## Provided information
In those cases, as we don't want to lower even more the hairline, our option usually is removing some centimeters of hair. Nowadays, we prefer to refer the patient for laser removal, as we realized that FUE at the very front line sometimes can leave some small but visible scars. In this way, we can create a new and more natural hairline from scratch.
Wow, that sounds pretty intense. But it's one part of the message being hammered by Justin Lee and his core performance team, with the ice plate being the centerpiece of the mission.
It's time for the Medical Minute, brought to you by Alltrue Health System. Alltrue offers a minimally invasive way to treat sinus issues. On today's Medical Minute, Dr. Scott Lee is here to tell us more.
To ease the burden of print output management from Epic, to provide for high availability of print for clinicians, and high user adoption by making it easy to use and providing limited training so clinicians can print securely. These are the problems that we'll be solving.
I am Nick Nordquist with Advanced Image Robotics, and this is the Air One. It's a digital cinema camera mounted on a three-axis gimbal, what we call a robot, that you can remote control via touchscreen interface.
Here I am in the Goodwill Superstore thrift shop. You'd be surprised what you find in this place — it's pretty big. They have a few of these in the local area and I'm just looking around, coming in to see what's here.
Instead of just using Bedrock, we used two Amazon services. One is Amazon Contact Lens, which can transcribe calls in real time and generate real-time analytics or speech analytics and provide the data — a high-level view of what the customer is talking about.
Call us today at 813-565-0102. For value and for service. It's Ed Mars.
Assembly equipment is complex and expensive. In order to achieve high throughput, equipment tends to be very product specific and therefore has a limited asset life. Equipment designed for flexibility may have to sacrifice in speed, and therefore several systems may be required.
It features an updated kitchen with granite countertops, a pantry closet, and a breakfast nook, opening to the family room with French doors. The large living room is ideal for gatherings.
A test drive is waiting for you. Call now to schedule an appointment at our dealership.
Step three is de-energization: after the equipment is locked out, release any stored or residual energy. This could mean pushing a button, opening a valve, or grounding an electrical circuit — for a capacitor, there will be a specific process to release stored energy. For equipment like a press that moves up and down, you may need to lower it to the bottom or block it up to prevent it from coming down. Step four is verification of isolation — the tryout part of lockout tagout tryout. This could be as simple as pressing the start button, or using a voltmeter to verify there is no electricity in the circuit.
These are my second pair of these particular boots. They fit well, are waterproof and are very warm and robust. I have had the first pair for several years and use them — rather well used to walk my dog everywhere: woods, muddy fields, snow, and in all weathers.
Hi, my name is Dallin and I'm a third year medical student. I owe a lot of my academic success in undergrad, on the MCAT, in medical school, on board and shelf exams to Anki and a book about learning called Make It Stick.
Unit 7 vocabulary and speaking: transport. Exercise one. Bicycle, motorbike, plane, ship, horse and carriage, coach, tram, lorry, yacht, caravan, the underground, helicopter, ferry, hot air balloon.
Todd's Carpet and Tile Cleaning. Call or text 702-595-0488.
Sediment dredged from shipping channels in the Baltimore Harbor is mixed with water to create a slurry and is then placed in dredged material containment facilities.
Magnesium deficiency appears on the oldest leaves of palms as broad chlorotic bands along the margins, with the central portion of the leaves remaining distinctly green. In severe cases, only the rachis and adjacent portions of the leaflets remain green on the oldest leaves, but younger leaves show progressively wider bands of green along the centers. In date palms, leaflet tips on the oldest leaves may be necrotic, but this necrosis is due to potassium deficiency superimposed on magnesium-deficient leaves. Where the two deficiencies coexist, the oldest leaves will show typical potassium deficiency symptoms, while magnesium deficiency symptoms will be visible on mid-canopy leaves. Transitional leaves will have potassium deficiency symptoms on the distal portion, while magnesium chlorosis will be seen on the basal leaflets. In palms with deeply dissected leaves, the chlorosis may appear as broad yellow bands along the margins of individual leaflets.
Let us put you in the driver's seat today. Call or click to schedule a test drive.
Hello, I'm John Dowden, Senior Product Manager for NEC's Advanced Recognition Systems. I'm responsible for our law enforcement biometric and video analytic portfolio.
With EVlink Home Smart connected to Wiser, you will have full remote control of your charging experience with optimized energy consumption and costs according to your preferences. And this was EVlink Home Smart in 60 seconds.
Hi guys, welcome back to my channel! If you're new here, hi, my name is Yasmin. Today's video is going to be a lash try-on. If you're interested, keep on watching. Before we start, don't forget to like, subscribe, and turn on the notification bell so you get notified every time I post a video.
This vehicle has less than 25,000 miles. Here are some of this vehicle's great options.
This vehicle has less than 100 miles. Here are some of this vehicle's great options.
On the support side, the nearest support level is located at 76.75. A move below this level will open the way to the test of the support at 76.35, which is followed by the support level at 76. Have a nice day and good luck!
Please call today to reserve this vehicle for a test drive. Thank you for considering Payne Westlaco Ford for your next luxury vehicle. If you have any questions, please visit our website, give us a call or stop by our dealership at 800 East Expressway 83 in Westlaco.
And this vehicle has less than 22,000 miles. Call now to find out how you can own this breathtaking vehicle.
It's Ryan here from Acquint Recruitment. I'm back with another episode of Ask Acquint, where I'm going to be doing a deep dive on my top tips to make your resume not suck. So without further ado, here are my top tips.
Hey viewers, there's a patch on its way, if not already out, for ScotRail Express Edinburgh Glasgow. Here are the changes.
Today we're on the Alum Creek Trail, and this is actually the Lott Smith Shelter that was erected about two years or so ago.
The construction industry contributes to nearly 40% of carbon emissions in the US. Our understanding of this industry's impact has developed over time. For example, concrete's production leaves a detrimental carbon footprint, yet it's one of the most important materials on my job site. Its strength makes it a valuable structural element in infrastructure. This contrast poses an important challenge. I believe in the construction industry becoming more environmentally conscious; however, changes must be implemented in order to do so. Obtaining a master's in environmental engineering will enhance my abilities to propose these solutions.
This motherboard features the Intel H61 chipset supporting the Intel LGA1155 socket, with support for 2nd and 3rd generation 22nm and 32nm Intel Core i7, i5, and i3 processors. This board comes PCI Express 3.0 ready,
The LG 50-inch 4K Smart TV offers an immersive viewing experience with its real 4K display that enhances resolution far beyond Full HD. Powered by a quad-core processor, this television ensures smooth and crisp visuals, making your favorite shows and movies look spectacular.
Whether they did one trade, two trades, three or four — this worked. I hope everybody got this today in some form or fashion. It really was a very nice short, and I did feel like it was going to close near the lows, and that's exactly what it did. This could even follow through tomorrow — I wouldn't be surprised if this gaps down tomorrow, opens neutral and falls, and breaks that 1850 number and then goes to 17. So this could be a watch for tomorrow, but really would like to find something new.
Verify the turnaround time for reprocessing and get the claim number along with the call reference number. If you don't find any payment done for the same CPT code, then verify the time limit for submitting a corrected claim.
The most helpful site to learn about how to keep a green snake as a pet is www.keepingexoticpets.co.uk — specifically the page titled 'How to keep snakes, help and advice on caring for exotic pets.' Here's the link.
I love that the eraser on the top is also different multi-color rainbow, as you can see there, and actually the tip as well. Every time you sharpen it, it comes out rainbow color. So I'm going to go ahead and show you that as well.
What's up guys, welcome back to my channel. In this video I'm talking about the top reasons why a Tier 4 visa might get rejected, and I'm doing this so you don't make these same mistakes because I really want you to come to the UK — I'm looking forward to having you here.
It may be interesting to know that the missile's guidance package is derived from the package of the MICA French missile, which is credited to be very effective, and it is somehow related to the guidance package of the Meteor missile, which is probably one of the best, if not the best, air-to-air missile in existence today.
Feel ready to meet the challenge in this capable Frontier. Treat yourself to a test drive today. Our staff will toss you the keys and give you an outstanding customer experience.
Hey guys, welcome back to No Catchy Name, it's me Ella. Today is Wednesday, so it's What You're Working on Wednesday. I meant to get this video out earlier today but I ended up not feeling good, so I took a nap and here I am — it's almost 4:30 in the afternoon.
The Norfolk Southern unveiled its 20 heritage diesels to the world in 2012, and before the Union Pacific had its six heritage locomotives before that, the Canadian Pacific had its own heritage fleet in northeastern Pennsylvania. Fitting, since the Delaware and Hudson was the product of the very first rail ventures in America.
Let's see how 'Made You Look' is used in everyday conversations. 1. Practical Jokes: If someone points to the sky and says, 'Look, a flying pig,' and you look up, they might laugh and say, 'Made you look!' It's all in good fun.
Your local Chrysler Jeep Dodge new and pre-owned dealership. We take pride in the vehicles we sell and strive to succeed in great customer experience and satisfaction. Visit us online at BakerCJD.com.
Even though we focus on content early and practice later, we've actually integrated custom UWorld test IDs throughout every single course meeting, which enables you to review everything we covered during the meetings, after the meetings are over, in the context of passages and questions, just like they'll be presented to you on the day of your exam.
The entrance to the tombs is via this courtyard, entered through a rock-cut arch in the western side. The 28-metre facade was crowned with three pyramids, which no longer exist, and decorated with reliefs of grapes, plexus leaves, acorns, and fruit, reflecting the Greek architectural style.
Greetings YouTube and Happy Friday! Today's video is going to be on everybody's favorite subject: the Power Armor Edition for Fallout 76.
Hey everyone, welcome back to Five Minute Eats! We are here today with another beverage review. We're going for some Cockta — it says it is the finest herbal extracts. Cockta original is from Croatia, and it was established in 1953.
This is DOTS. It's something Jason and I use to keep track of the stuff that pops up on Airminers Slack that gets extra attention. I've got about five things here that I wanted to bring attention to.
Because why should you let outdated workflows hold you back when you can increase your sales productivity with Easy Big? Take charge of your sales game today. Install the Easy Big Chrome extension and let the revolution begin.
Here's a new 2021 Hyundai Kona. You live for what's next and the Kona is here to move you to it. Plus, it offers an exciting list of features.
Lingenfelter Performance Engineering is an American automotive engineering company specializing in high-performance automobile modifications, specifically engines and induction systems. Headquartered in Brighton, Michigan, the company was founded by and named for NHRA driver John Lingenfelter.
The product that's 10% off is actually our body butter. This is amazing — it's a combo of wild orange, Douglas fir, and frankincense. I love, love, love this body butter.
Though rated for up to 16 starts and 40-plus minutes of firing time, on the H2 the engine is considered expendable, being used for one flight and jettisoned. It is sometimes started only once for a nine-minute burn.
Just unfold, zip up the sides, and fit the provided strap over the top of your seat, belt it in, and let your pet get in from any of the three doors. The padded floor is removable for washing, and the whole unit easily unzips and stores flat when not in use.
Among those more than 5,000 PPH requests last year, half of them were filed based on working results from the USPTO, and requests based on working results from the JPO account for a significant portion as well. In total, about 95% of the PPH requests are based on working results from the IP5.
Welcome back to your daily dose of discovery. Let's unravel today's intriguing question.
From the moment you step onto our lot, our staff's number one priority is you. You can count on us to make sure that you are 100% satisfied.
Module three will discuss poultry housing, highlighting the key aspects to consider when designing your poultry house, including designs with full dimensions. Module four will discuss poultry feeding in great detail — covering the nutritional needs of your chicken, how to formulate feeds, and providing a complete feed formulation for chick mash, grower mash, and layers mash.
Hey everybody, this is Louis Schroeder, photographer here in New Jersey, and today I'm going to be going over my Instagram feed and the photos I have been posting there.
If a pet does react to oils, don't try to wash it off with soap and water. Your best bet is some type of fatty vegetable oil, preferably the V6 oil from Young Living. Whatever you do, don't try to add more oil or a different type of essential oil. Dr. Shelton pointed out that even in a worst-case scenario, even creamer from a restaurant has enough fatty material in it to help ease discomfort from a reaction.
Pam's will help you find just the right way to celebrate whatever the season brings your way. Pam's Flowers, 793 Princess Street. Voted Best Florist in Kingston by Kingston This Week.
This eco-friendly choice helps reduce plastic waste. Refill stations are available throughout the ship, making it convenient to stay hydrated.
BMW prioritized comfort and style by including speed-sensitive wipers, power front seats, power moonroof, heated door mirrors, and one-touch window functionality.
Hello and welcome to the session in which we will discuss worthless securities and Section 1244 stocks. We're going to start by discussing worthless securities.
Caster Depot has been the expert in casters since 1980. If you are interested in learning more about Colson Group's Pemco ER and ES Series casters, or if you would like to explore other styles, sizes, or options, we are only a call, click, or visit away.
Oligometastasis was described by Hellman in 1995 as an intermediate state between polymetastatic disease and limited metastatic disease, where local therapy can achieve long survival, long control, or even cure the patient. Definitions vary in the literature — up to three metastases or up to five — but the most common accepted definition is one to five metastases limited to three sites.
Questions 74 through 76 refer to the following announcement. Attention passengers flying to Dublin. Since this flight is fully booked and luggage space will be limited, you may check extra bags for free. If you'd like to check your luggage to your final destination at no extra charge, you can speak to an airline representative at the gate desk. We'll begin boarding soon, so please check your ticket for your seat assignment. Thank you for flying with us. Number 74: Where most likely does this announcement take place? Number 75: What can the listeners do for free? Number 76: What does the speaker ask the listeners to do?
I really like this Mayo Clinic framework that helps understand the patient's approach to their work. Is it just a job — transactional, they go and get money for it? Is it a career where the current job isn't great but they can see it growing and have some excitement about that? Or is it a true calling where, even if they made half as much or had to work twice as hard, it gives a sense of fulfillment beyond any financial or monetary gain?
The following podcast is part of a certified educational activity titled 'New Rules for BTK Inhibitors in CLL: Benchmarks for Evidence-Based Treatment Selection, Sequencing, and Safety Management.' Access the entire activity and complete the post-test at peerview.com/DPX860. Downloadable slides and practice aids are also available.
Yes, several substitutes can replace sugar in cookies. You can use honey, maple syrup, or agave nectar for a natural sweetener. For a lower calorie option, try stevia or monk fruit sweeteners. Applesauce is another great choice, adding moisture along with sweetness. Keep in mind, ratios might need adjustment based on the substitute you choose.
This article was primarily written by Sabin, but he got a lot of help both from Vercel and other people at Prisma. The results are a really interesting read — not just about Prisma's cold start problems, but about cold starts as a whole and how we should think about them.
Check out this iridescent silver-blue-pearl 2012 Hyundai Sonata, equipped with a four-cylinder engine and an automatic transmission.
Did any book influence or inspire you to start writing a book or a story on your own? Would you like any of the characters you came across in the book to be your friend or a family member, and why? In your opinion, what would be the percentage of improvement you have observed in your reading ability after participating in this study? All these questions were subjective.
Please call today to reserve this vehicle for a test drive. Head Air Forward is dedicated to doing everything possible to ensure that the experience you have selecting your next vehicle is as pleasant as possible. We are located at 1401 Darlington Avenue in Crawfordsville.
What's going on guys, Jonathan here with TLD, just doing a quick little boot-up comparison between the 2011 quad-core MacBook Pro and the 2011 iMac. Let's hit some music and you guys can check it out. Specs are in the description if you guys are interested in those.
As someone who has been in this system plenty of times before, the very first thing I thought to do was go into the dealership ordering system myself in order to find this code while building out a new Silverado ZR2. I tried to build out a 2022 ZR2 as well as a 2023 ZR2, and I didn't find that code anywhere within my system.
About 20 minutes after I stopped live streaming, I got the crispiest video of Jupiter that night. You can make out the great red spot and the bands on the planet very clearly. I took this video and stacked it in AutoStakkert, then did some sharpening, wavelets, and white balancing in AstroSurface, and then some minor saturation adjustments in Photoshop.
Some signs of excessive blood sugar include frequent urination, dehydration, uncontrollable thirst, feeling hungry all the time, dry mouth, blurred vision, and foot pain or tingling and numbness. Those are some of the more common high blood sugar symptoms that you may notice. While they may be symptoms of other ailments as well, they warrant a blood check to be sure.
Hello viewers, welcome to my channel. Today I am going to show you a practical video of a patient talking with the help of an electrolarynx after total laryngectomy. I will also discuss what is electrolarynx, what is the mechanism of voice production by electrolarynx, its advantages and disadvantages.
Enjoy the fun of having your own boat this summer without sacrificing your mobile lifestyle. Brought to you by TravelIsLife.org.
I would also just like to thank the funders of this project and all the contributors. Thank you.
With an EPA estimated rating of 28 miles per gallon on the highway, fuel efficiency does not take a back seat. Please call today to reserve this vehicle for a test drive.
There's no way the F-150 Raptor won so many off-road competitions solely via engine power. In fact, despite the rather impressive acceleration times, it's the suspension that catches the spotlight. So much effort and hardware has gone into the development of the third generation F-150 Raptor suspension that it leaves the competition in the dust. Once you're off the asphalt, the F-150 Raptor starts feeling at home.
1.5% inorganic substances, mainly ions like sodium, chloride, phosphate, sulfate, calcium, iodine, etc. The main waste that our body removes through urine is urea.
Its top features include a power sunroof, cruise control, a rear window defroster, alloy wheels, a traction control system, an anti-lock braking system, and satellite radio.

## Task instructions
Tell how many lines of the records above contain "been", replying with the number only.

## Result of this task
3